Combine standard normal distribution with uniform distribution I am facing an optimization problem in my business environment that hopefully you guys can help me with. To give you some background on the topic, I am trying to calculate the inventory (called "safety stock") that is needed to buffer for variability in customer demand (more specifically forecast error) so we can guarantee a certain service level to our customers. Let's say this service level should be 97%.
Now, assuming forecast error follows the normal distribution, I could easily calculate the required "safety stock" as $z * \sigma_{forecast error}$, where z in this case would be 1.88 (97%). However, because of specific reasons, we always have an extra buffer of inventory (called "cycle stock") on top of the safety stock. This cycle stock follows a uniform distribution and can vary between 0 units and X units.
As a consequence of this cycle stock, the safety stock that I would calculate with the basic formula ($z * \sigma_{forecast error}$ ) is too high. This is an opportunity for us to improve, our inventory holding cost is relatively high and we need to cut inventory wherever we can.

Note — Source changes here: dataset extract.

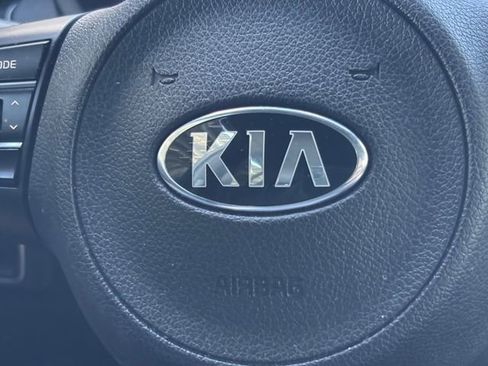 Used 2020 Kia Stinger GT-Line RWD image 13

On the other hand, we don't want to keep too few inventory and lose customers...
The question therefore is: how can I combine the standard normal distribution (z) with the uniform distribution into one formula such that I can calculate the correct (lower) safety stock level which would still allow for a total 97% service level?
Appreciate your help!
Thanks.
Jan
 A: I'm still not sure I follow your formulation, but I'll solve according to my understanding and feel free to correct me.
Current situation: you have some fixed quantity $x$ and you have some "noise" (uncertainty in demand or forecast error) $N$. The overall demand is therefore $$Y=x+N.$$ Now, you would to increase your quantity such that the probability of someone asking for more that you have is less than 3% (i.e. 97% service level). Then, you find $m$ such that 
$$P(Y>m)<0.03$$
$$P(x+N>m)<0.03$$
$$1-P(N<m-x)<0.03$$
$$0.97<P(N<m-x)$$
$$P(N<1.89)<P(N<m-x)$$
$$1.89<m-x$$
$$m>x+1.89$$
so you need to add 1.89 to your quantity to be sure that in 97% certainty you'll have enough stock.
Desired situation: you have an additional uniformly distributed quantity $U\sim \mathcal U[0,u]$ of between 0 and $u$ items that's added to your stock. So you have:
$Z=x+N+U$ (unrelated to your $z$ in the question), and you need to figure out what's the value of $m$ such that $$P(Z>m)<0.03,$$ exactly as before, only now $Z$ contains another quantity.
Before you could have easily calculated this since you have the normal distribution tables. But now, $P(Z>m)=P(x+N+U>m)=P(N+U>m-x)=1-P(N+U<m-x)$, and $R\triangleq N+U$ is not normally distributed. Its distribution is given by the following convolution:
$$f_R(r) = (f_N*f_U)(r) = \int_{-\infty}^\infty f_U(t) f_N(r-t) dt$$
$$ = \frac{1}{u} \int_0^u f_N(r-t) dt$$
$$ = \frac{1}{u} \int_{r-u}^{r} f_N(t) dt$$
Now, since $f_N(t)$ is a normal density, we get
$$f_R(r) = \frac{1}{u} [\Phi(r)-\Phi(r-u)]$$
To get back to our problem, we have
$$0.97<P(R<m-x)$$
$$0.97<F_R(m-x)$$
$$F^{-1}_R(0.97)<m-x$$
$$m>x+F^{-1}_R(0.97)$$
where $F^{-1}_R(r)$ is the inverse cdf of $R$. We have the density, $f_R(r)$. We need to numerically integrate it to get the cdf and then find the value in which it is equal to $0.97$. Fortunately, we can use MATLAB (or any other software), and get:

The code is:
resolution = 0.01;
u = 5; val = 0.97;

r = -10:resolution:10;

fr = 1/u * ( normcdf(r) - normcdf(r-u) );
dr = r(2)-r(1);
Fr = cumsum(fr*dr);

[~,idx] = min( (Fr-val).^2 );
Fr_inv_at_val = r(idx);

subplot(211); plot(r,fr,'linewidth',2), title('f_R(r)');
subplot(212); 
hold off; plot(r,Fr,'linewidth',2), 
hold on; plot(r(idx),val,'go','linewidth',2)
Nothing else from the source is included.